Congratulations - what little beauties!


----------



## mary-anderson (Jan 12, 2010)

Yeah more babies!!!! They are soooo adorable. Cadie sure did a wonderful job.
Congratulations!!!!!!


----------



## bellaratamaltese (May 24, 2006)

oh what great pics you got!! Cadie is glowing!

And boy, cadie looks so CLEAN!! Good job! 

Congrats again- I can't wait to see our babies grow up 'together'!


----------



## alexmom (Jan 30, 2008)

Congratulations Cadie! Your babies are beautiful.


----------



## cleex1004 (Aug 2, 2008)

ahhhh! the puppies are here! CONGRATULATIONS!


----------



## suzimalteselover (Mar 27, 2006)

Awwww.....I'm happy to see everyone is doing so well. Little beauties! I love the hair band representation.


----------



## Lacie's Mom (Oct 11, 2006)

Carina -- I'm just soooooooooooooooooooooo excited for you. And I'm so glad that everything went well and that Cadie and babies are doing fine. It's a beautiful litter.


----------



## mfa (Oct 5, 2009)

Cadie is a beautiful mom to 3 precious little babies! :wub::wub::wub:


----------



## Alexa (Aug 6, 2009)

Many congrats to your beautiful, sweet Cadie!

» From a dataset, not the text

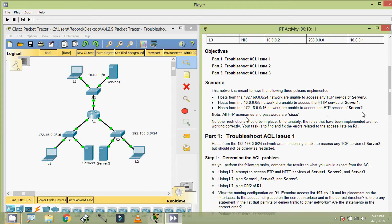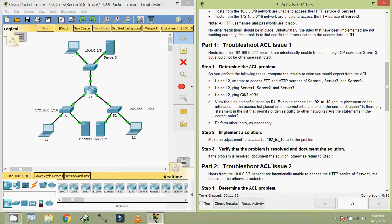There is a note here: all FTP usernames and passwords are Cisco. No other restrictions should be in place. Unfortunately, the rules that have been implemented are not working correctly. So our task is to find and fix the errors related to the access list on R1. Now we will come to part 2.1, troubleshoot ACL issue 1. Hosts from the 192.168.0.0/24 network are intentionally unable to access any TCP service of server 3 but should not be otherwise restricted.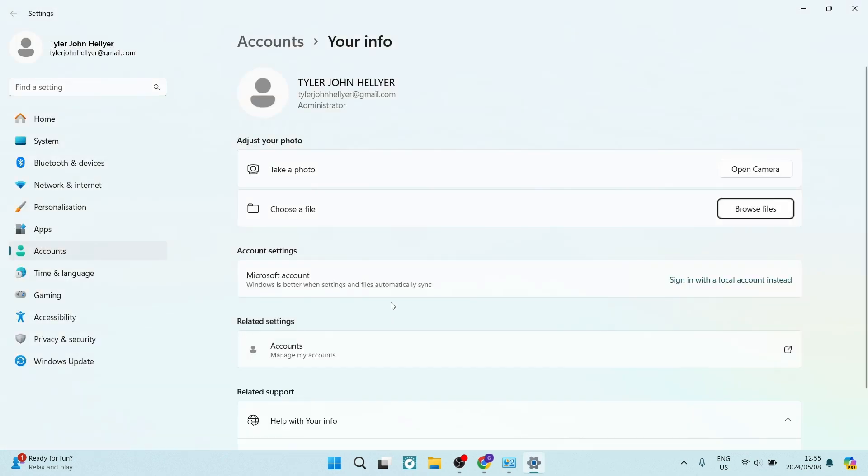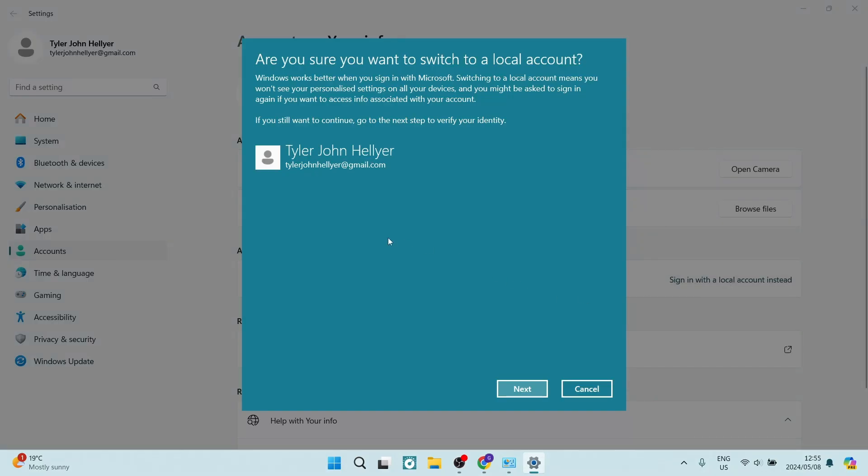This will take you to this menu, and over here under Account Settings you will see Microsoft Account. It says Windows is better when settings and files automatically sync. We can say Sign In With a Local Account Instead, and that's going to switch you to a local account.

She did a great job! :aktion033:

Really like the video of her and the babies! Very adorable to see! 

Alexandra :wub:


----------



## mom2bijou (Oct 19, 2006)

Had to come and peak at these pics again. Carina....I'm so happy for all of you!!!!!! Such bundles of joy. Congrats again!!!!


----------



## Rocky's Mom (Apr 10, 2010)

Carina, they are so precious...congratulations again...I love seeing them!:wub:


----------



## Snowbody (Jan 3, 2009)

So have you managed to get any work done, Carina? :HistericalSmiley:


----------



## k9Cracker (Feb 22, 2006)

Oh. My. God. Puppies! <3 Congrats on the new babies! Can't wait to see more pictures as they grow up!


----------



## casa verde maltese (Apr 7, 2007)

OH, those are adorable pictures and Cadie looks really good !! They look so sweet!!
super envious.


----------